■ What needs to be done ■
Return every line of the listing below, unchanged, from its first line to the line holding "Antigua Classic Yacht", that line included.

■ Given data ■
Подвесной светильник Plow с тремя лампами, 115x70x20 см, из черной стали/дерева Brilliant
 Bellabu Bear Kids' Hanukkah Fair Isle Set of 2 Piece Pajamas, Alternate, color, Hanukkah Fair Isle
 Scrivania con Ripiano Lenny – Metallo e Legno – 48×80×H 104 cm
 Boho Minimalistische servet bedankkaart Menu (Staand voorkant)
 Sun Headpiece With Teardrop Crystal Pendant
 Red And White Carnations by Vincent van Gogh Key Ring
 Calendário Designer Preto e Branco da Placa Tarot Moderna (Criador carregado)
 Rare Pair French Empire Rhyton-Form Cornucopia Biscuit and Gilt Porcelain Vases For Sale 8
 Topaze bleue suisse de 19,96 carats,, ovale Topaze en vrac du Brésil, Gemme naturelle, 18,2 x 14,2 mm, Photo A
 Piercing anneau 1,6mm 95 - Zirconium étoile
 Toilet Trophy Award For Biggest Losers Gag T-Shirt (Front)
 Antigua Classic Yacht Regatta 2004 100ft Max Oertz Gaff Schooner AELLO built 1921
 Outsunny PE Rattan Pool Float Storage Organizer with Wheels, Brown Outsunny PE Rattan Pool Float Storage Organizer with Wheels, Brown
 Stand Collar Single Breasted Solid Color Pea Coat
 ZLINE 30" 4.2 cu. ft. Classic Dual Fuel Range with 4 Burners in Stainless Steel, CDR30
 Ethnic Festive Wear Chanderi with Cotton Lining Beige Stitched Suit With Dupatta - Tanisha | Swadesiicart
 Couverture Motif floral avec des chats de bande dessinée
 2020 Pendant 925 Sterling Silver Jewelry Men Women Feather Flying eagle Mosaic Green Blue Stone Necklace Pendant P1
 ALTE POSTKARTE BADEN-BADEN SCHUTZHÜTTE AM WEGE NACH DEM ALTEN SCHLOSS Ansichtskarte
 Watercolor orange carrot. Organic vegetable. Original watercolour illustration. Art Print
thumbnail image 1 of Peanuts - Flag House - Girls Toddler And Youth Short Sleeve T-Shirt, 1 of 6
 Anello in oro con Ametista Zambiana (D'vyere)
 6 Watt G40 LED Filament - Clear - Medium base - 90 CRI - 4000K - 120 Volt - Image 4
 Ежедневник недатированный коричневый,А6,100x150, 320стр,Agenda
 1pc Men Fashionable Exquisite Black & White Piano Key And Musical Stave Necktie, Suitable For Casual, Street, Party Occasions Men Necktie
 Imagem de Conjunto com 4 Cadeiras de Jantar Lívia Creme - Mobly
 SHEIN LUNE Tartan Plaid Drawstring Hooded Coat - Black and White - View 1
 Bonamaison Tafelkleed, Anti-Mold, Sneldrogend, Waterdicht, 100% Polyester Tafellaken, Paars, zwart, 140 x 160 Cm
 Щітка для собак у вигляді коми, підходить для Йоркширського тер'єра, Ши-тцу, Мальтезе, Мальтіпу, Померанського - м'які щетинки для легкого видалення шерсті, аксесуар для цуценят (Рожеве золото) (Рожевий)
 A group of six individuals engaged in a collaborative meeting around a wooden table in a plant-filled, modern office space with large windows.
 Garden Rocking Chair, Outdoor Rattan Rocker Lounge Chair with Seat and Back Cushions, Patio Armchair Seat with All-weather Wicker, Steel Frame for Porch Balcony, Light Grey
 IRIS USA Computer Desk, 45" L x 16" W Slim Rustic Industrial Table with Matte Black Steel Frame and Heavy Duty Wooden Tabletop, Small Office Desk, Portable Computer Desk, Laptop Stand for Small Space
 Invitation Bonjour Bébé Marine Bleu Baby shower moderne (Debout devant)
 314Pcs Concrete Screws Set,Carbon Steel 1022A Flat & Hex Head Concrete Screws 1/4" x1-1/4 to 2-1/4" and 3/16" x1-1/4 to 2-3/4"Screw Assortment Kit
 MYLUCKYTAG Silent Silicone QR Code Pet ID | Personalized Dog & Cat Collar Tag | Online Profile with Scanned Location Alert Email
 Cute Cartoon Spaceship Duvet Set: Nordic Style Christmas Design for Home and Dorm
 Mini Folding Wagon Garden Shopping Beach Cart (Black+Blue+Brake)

■ Task answer ■
Подвесной светильник Plow с тремя лампами, 115x70x20 см, из черной стали/дерева Brilliant
 Bellabu Bear Kids' Hanukkah Fair Isle Set of 2 Piece Pajamas, Alternate, color, Hanukkah Fair Isle
 Scrivania con Ripiano Lenny – Metallo e Legno – 48×80×H 104 cm
 Boho Minimalistische servet bedankkaart Menu (Staand voorkant)
 Sun Headpiece With Teardrop Crystal Pendant
 Red And White Carnations by Vincent van Gogh Key Ring
 Calendário Designer Preto e Branco da Placa Tarot Moderna (Criador carregado)
 Rare Pair French Empire Rhyton-Form Cornucopia Biscuit and Gilt Porcelain Vases For Sale 8
 Topaze bleue suisse de 19,96 carats,, ovale Topaze en vrac du Brésil, Gemme naturelle, 18,2 x 14,2 mm, Photo A
 Piercing anneau 1,6mm 95 - Zirconium étoile
 Toilet Trophy Award For Biggest Losers Gag T-Shirt (Front)
 Antigua Classic Yacht Regatta 2004 100ft Max Oertz Gaff Schooner AELLO built 1921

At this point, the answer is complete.